We will mainly focus on the following two problems in Next WeNet.

  1. NN based contextual biasing and LM solution. On the one hand, a pure end-to-end model is our final goal, including contextual biasing and LM. On the other hand, there are a lot of problems in our current contextual biasing and LM, such as poor rare word performance in contextual biasing, complicated LM solution since FST and token passing beam search are introduced, and so on. Also, we are looking for new paradigm, such as joint text/audio learning, prompt learning, and so on.
  2. Open source big model, pretrained model, and mutimodal model exploration. We can see the increasing capability, influence, and interest in these models, and we believe it may give a final solution to general AI. It's hard for us to directly do such things due to the lack of research and computation resources. However, we can explore the usage of the models in speech recognition applications as open source big models + task/private data may be the new paradigm for the next AI.

We are open for other proposals. WeNet is a community-driven project and we love your feedback and proposals on where we should be heading.

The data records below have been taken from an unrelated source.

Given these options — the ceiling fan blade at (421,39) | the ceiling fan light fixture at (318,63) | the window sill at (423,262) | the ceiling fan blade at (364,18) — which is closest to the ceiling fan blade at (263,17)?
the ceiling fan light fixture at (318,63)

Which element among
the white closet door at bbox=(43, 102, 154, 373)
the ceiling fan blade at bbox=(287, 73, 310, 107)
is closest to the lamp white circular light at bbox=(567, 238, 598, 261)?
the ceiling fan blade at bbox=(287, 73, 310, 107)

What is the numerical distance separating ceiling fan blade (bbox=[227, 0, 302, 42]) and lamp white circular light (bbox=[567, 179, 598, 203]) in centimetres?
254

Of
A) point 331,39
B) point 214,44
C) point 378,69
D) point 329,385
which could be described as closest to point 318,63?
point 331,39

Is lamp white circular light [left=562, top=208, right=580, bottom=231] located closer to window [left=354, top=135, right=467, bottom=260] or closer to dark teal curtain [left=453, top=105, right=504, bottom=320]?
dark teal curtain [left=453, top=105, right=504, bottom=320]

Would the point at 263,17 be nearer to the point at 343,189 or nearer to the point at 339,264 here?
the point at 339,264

Feel free to volunteer yourself if you are interested in trying out some items(they do not have to be on the list).

From Google's recent USM paper, we can see the following three points:

1 injecting tezt

2 Simpler pre-training

3 Text to speech intermediate representation

I think these three are the ultimate weapons for speech recognition, whether it is from the signal level or the text level。

And the community is a good way to cooperate to make the big model or the road of the new pipeline

From Google's recent USM paper, we can see the following three points:

1 injecting tezt

2 Simpler pre-training

3 Text to speech intermediate representation

I think these three are the ultimate weapons for speech recognition, whether it is from the signal level or the text level。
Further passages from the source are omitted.